§ Work to complete
Whenever a line carries the word "Shirt", pull it out of the entries.

Records from a dataset
* * * * * * * * *
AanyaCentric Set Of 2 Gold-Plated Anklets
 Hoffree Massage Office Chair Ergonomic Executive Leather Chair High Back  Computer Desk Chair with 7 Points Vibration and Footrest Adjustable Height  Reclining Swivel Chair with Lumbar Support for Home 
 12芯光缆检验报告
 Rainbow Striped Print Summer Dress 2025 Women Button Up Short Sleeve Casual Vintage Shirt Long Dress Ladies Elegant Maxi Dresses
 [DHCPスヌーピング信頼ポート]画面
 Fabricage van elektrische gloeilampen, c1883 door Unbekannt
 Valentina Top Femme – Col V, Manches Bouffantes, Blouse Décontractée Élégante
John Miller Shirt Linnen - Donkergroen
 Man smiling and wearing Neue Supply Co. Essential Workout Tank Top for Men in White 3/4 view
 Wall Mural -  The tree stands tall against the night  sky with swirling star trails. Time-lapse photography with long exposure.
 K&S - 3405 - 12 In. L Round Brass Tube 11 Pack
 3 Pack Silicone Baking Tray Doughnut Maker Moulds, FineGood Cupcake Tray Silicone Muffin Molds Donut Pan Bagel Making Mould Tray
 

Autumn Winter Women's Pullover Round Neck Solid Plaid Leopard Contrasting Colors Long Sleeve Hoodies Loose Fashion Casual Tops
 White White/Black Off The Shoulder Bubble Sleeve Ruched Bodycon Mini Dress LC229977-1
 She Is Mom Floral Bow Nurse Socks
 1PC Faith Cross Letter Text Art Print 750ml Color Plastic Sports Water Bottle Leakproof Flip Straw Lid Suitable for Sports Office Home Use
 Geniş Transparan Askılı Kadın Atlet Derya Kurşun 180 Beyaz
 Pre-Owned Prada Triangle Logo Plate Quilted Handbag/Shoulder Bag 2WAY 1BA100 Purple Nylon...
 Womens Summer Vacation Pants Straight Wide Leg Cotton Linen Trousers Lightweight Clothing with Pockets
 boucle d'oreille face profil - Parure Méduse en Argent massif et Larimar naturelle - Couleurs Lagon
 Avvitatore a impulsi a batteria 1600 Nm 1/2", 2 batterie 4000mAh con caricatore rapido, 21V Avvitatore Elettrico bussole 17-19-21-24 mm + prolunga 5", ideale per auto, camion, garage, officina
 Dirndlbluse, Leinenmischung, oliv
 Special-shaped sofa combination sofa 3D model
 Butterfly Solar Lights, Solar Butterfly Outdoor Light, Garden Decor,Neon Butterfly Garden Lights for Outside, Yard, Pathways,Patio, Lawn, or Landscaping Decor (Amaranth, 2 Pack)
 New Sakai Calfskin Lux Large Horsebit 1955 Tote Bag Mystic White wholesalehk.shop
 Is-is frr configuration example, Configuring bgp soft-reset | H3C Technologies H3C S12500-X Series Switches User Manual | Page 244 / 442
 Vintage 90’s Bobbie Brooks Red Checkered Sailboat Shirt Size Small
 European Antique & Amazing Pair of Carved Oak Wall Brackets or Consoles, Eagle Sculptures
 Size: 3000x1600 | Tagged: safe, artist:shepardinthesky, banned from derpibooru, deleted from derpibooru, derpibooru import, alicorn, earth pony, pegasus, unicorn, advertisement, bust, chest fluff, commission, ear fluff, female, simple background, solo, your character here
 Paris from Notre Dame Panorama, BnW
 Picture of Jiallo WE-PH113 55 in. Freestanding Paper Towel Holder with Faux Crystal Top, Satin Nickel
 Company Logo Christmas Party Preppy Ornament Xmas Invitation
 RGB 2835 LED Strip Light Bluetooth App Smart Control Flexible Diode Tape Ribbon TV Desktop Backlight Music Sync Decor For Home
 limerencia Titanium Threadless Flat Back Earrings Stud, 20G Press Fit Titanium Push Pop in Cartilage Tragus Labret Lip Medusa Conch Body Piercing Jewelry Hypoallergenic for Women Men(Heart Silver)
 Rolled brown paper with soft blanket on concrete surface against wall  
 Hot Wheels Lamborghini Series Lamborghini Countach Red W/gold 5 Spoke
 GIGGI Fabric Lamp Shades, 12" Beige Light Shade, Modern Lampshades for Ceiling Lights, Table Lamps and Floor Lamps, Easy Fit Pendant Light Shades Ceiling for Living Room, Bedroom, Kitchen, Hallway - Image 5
* * * * * * * * *
§ Solution
 Rainbow Striped Print Summer Dress 2025 Women Button Up Short Sleeve Casual Vintage Shirt Long Dress Ladies Elegant Maxi Dresses
John Miller Shirt Linnen - Donkergroen
 Vintage 90’s Bobbie Brooks Red Checkered Sailboat Shirt Size Small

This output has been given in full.